“Esta es la tercera vez que repito lo mismo y usted no presta atención”, grita el docente al estudiante, quien, imperturbable, decide enviar un mensaje de texto con algún chiste nuevo. Sus amigos miran el pizarrón sin encontrar sentido alguno a las integrales y derivadas que se cuelgan unas de otras con gran agilidad. El examen final será el sábado y solamente los alumnos responsables lo aprobarán. El docente sabe que les resulta irrelevante aprender matemáticas.
Su clase está constituida, en su mayoría, por jóvenes provenientes de la clase media alta, hijos de altos burócratas estatales, así como de pequeños empresarios surgidos en las últimas décadas. No tienen ningún afán en terminar su carrera porque sus familias no necesitan el dinero que aportarían si estuviesen laborando. Estudian toda la mañana y la tarde, y luego se marchan a sus hogares en el automóvil que sus padres compraron, pues sería imposible imaginarlos en el transporte público.
Por fin llegan los resultados del curso, mas no resultan ser sorpresa para aquel grupo de estudiantes repitentes, que el semestre pasado obtuvieron las mismas calificaciones con el mismo docente. Matricular el curso nuevamente se ha convertido para ellos en un gracioso ritual, pues justificaran el fracaso ante sus padres diciendo que la matemática es difícil y la aprobación del curso se hará en un futuro cercano.
Otra historia. Mientras tanto, en un restaurante atiborrado por mesas, sillas y clientes, tres jóvenes mujeres limpian las mesas de los trozos de hamburguesas y refrescos gaseosos abandonados con descuido. En cuanto pueden, discuten entre ellas cuál es el significado de las palabras “cóncava hacia arriba”. En una servilleta dibujan el gráfico de una parábola, remarcando una sucesión de puntos en la curva que trata de explicar el enigmático concepto.
Cuando llega el final de la tarde, corren hasta el colegio nocturno, alternando la lectura de su libro de matemáticas con la de rótulos de autobuses.

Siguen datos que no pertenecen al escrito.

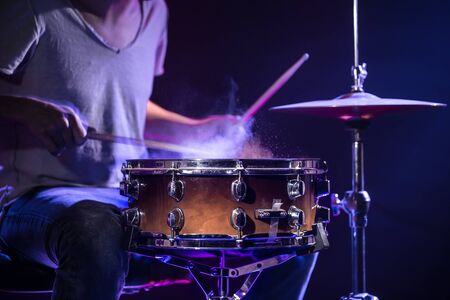 A drummer plays drums on a blue background. Beautiful special effects of light and smoke. The process of playing a musical instrument. The concept of music. Close-up photo.の写真素材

Para ellas el esfuerzo es enorme, pues el día laboral les ha quitado las fuerzas y el sueño les cierra los párpados de vez en cuando.
El pizarrón se llena de símbolos, pero a diferencia de los jóvenes acaudalados que no se afanan por aprender, aquí se juegan el futuro. Para alguien que trabaja diariamente por un salario mínimo, el colegio es la única puerta de escape, y ellas lo saben. Finalizar sus estudios secundarios les tomaría al menos tres años más, quizás cuatro. Luego vendrán los exámenes de bachillerato, afrontándolos con tan solo la mitad de los conocimientos necesarios para pasar tales pruebas.
La edad se opone tanto como el patrón del restaurante, a quien poco le interesan los polinomios o las técnicas de factorización. Las ventas lo estimulan, no las mejores condiciones de vida de tres jóvenes, quienes, además, luchan cada día con la amenaza constante del desempleo que espera a una persona sin secundaria que sobrepase los treinta años.
Desigualdad. El sistema educativo es uno solo, mas no sus resultados. No existe igualdad de oportunidades educativas para los jóvenes obreros y campesinos, que en su mayoría inician su vida laboral en la pubertad, e incluso, en la niñez. Si en la práctica todos los jóvenes costarricenses tuviesen la misma oportunidad de llegar a ser estudiantes universitarios, sabiendo que cumplen con los requisitos de conocimiento matemático que les permitan finalizar con éxito una carrera científica o técnica, la pobreza no sería la principal causa que impida el avance económico del país.
El autor es asesor de matemáticas del MEP.